• WHAT YOU NEED TO DO: When copying the data below, keep only the lines from the one with "Personlig Family Regler" through the one with "Applsci 07 01101 g005", word for word, and skip the pictures.

• DATA FOR PROCESSING:
▶
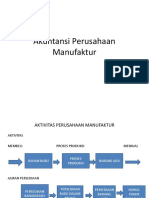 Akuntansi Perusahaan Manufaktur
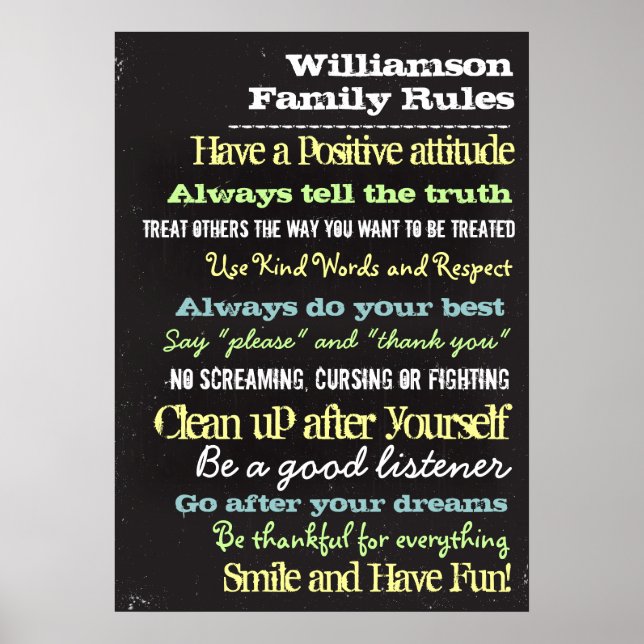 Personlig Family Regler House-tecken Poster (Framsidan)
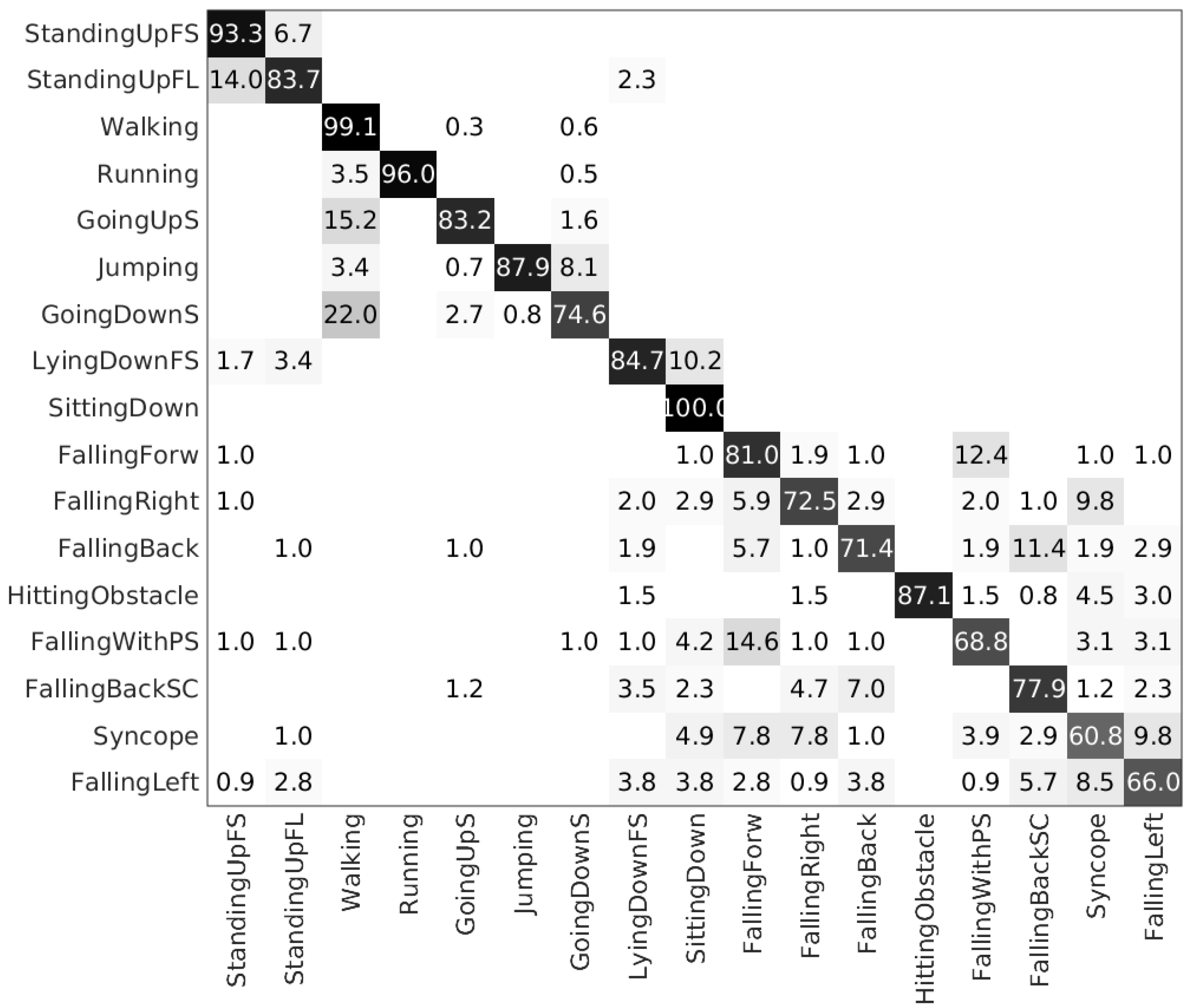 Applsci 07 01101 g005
◀
▶
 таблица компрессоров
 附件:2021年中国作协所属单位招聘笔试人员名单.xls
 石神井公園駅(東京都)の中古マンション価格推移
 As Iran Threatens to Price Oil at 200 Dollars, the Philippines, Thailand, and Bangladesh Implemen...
◀
▶
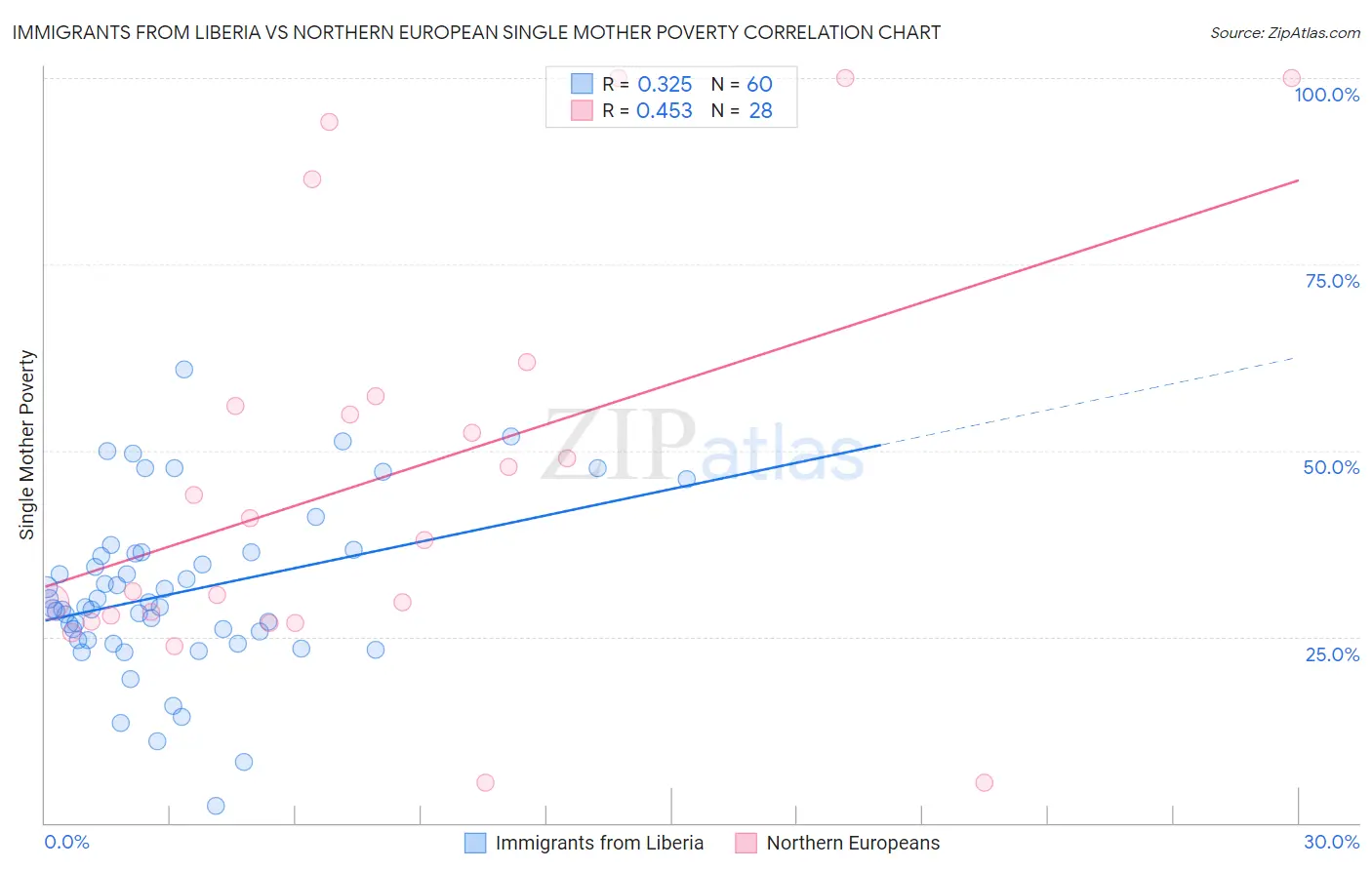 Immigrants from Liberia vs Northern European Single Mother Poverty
◀
• FINISHED TASK:
 Personlig Family Regler House-tecken Poster (Framsidan)
 Applsci 07 01101 g005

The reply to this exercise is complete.